Tel qu’en témoigne la littérature, certaines positions féministes face à cette discrimination de genre et d’âge vécue par les femmes en lien avec leur corps vieillissants divergent. Gullette (1997) exprime à l’égard des discours dominants une position qu’elle qualifiera de résistante face aux pressions de contrôle du corps exercées sur les femmes. Celle-ci mentionne que le vieillissement féminin est construit essentiellement par culture et que la réponse féminine devrait en être une de résistance, faisant la promotion d’un vieillissement qu’elle qualifiera plutôt de naturel (Gullette, 1997). Cette résistance féminine face aux discours normatifs s’exprime aussi dans les résultats d’une étude menée au Québec rapportant que certaines femmes vieillissantes reconnaissent l’omniprésence des idéaux de beauté et de jeunesse et les pressions y étant associées, mais ne s’engagent pas nécessairement à fournir les efforts nécessaires à la rencontre ce ces normes (Dumas, Laberge, & Straka, 2005). Ces constats suggèrent qu’une certaine résistance puisse s’opérer face aux discours normatifs chez certaines femmes vieillissantes. Il est notamment proposé que cette forme de détachement face à la norme puisse être le résultat de l’intensification de la réflexivité avec l’âge (Dumas et al., 2005). Une capacité réflexive accrue en vieillissant pourrait contribuer à faire en

sorte que les femmes optent pour des pratiques associées à plus de tolérance face à leur situation personnelle (Turner, 1995).

Twigg (2004) nous mentionne plutôt, quant à elle, que la posture féministe prônant un vieillissement « naturel » s’avère problématique puisqu’elle est empreinte de contradictions. Elle soulève que les féministes ont été les premières à affirmer que le corps est en soi le reflet de divers processus de manipulations, de transformation et d’affichage de l’identité à travers les diverses étapes de vie et qu’à cet égard, le corps naturel n’existerait pas, pas plus que le vieillissement naturel. Dans cette perspective, résister à toutes manipulations du corps en lien avec l’âge et la féminité deviendrait une certaine forme de puritanisme pouvant aussi être préjudiciable pour la femme. Celle-ci questionne cette résistance des femmes en demandant pourquoi celles-ci devraient se refuser certaines de ces pratiques si elles sont sources de bien-être et de satisfaction (Twigg, 2004). Cette position alternative démontre certaines différences entre féministes face aux discours normatifs. Elle met aussi en évidence la complexité des enjeux entourant le vieillissement et le corps féminin dans le contexte social occidental actuel.
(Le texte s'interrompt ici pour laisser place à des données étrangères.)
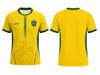 Summer New Brazil Football Jerseys For Men 2026 Football Support Sports Tshirts Mesh Breathable Tees Fans Gifts Man Clothing - MAGUSTA BEAUTY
En somme, il existe plusieurs perspectives féministes en gérontologie du corps. Ces discours nous renvoient à certaines idées fort pertinentes. Au sein des sociétés occidentales caractérisées par la valorisation de la jeunesse, de la santé et de la minceur, le discours biomédical de contrôle du poids accentue la valorisation du contrôle du corps féminin et la discrimination de genre chez la femme vieillissante. Ces enjeux sont susceptibles d’alourdir l’expérience féminine pendant la période de la ménopause, celle- ci déjà marquée par d’importants changements affectant mode de vie de la femme de façon marquée (parents vieillissants, enfants quittant la maison, retraite, relation avec le conjoint, etc.) (Ballard et al., 2001; Dennerstein et al., 2002; Lindh-Astrand et al., 2007;

Mishra & Kuh, 2006). Pour ces raisons, la considération de ces perspectives est pertinente dans le cadre de cette thèse.